Exercise goal - Would you please return the lines of the entries below starting at the line that has "Muere hombre al" and ending at the line that has "Sunjoy Neo™ Barberry (Berberis)", both included, exactly as they are?
----- Data records
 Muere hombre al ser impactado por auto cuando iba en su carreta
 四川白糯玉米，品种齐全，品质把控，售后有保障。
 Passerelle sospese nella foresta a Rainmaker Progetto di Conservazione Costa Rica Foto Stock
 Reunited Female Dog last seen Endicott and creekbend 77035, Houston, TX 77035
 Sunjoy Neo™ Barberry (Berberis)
----------
----- Data records
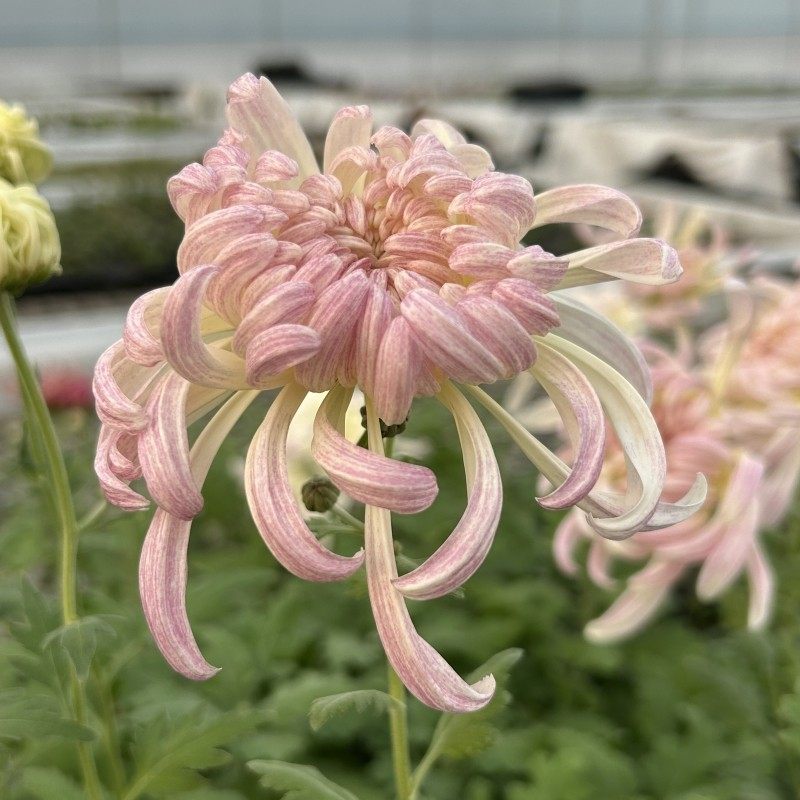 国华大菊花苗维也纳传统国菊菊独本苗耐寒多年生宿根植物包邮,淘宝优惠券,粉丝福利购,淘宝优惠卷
----------
Output -
 Muere hombre al ser impactado por auto cuando iba en su carreta
 四川白糯玉米，品种齐全，品质把控，售后有保障。
 Passerelle sospese nella foresta a Rainmaker Progetto di Conservazione Costa Rica Foto Stock
 Reunited Female Dog last seen Endicott and creekbend 77035, Houston, TX 77035
 Sunjoy Neo™ Barberry (Berberis)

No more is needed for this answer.